Kerry: Not trying diplomacy on an issue we’ve been diplomatically pursuing for ten years would be malpractice, or something
posted at 4:41 pm on October 3, 2013 by Ed Morrissey
John Kerry and Chuck Hagel want to reassure Israelis and Americans who express concern over Barack Obama’s sudden pursuit of personal diplomacy with Iran. They have no intention of forging an agreement with Hassan Rouhani simply on the basis of Iranian promises, but intend on forcing Tehran to meet concrete commitments to disarmament with real consequences for defiance. You know, just like we did in Syria.
Rapprochement with Iran won’t come at the expense of Israel’s security or its relationship with the United States, top Obama administration officials said Thursday, but they added that it would be “diplomatic malpractice” not to explore whether Iran’s nuclear program can be defused peacefully.
The forceful defense of engagement made by Defense Secretary Chuck Hagel and Secretary of State John F. Kerry during a visit here with their Japanese counterparts was the first high-level U.S. answer to a blistering rebuke delivered Tuesday by Israeli Prime Minister Benjamin Netanyahu. The Israeli leader warned that the West is being fooled by the new, friendlier face of Iranian leadership that is being offered by President Hassan Rouhani.

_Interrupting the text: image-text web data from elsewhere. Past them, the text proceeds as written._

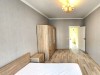 SIA_CityRealEstate_006.jpg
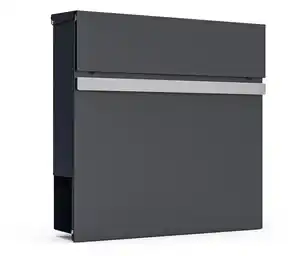 Briefkasten »Brixa C«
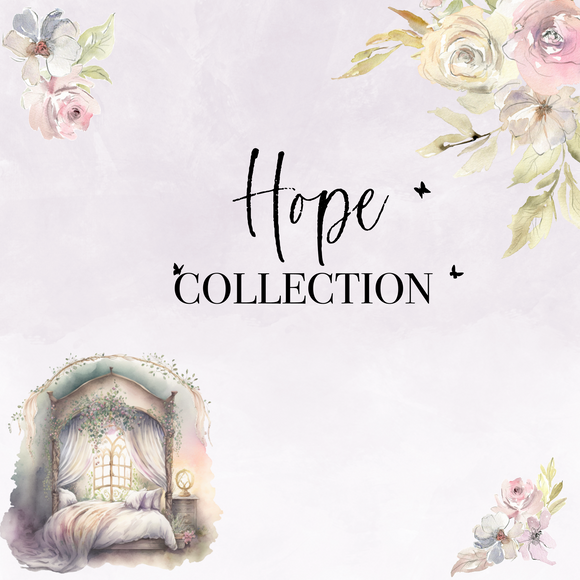 Hope Collection
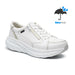 G-Comfort SP-1562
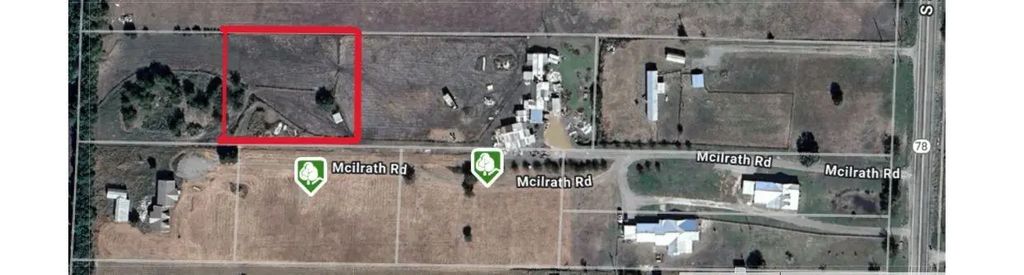 Tbd 3 Mcilrath Road, Leonard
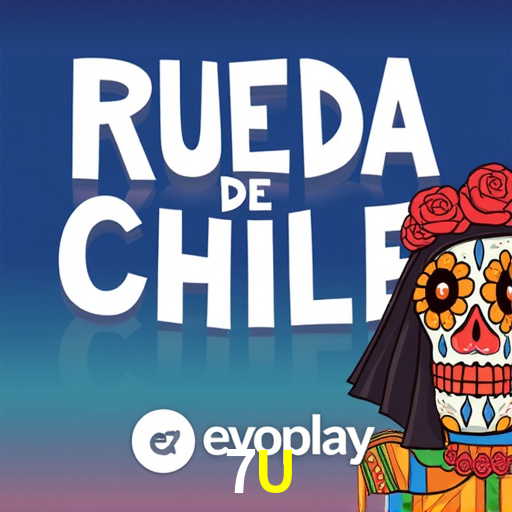 A Emoção da Loteria na 7U: Uma Chance de Mudança de Vida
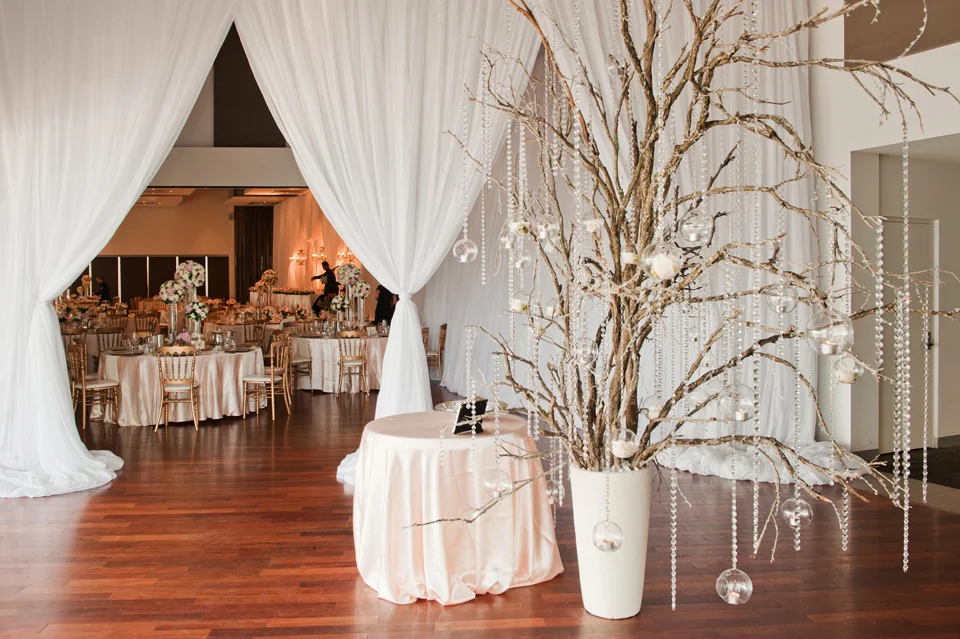 1124ModaStyled_Web_009 - Copy.jpg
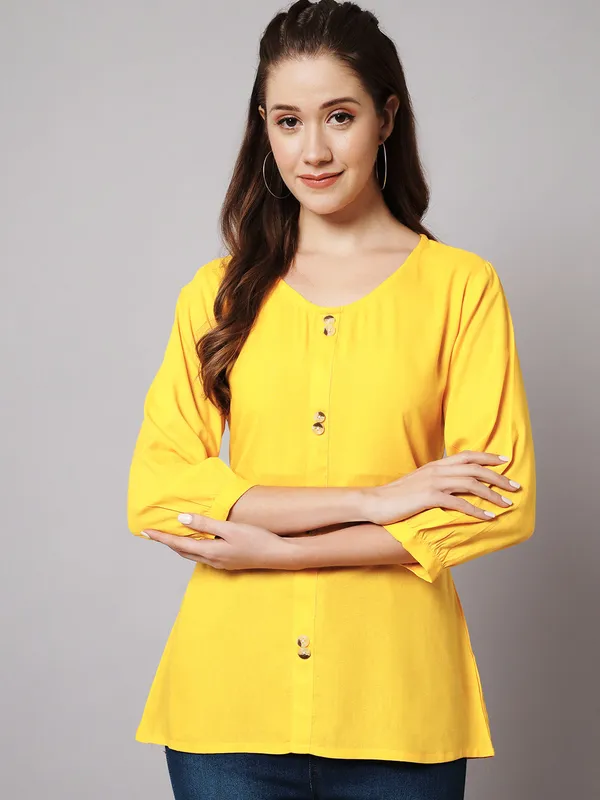 Mango_Yellow_A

“I did not interpret Prime Minister Netanyahu’s comments as suggesting that we are being played somehow for suckers,” Kerry said. “I understood it to be a warning: Don’t be played.”
That’s only because Kerry is as adept at listening as he is at bargaining. Barack Obama cited a fictitious fatwa from Ali Khameini as a sign of Iranian reasonableness, which means we’re already getting played. Rouhani himself is bragging about rejecting Obama’s calls five times before deigning to take his call, which isn’t exactly a sign that Iran enters these negotiations with a great deal of fear over American negotiations:
“Before my trip (to New York), the Americans had sent 5 messages to arrange a meeting between me and Obama, but I turned them down.”

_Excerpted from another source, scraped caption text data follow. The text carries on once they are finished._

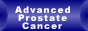 Advanced Prostate Cancer Program 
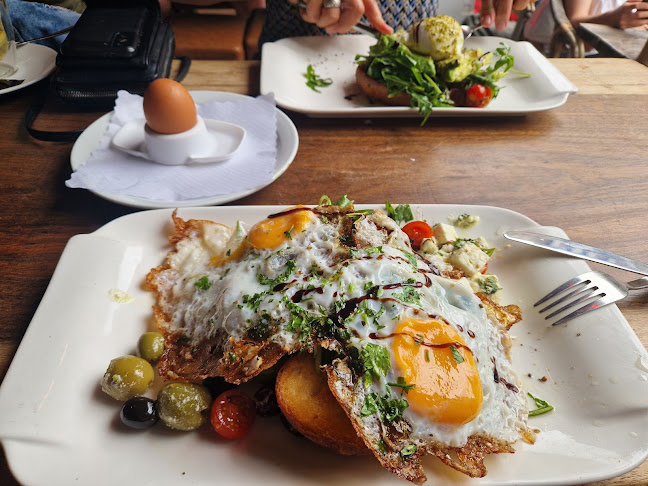 Opinii despre Erste Liebe Freiburg în Freiburg im Breisgau - Gastronomie und Hotellerie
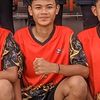 ragil.pitung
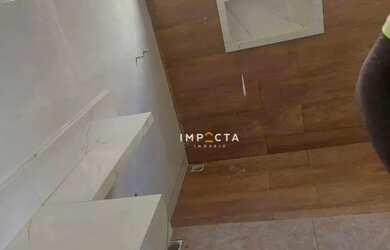 Imagem 4: Casa com 3 dormitórios à venda, 175 m² por R$ 850.000,00 - Jardim Floresta - Pouso Alegre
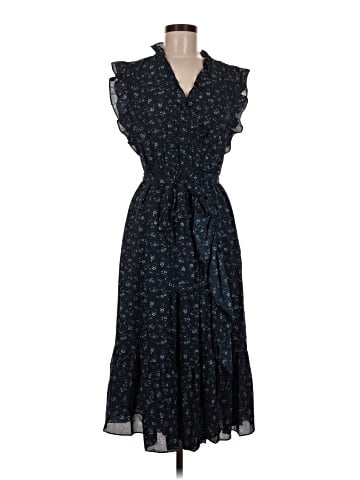 Kate Spade New York Casual Dress (view 1)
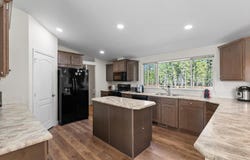 15 Libby Lane, Thompson Falls, MT 59873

“Then they raised a plan for a brief meeting, but I didn’t agree (with it) much; we didn’t disagree with (the idea to have) a meeting, but its grounds weren’t prepared.”
Besides, Kerry’s formulation is absurd in its literal sense as well as figurative sense. We’ve been pursuing diplomacy since 2003, when the Iranian nuclear program got exposed. Our European allies, who also happen to be big commercial partners with Iran, have pushed the P5+1 framework with our cooperation and participation. Rouhani may or may not offer a new approach from the Iranian side, but the P5+1 has always pushed for normalization and an end to sanctions as a trade-off for an honest accounting of and an end to their pursuit of nuclear weapons. It’s not as if American participation in that process has been a secret.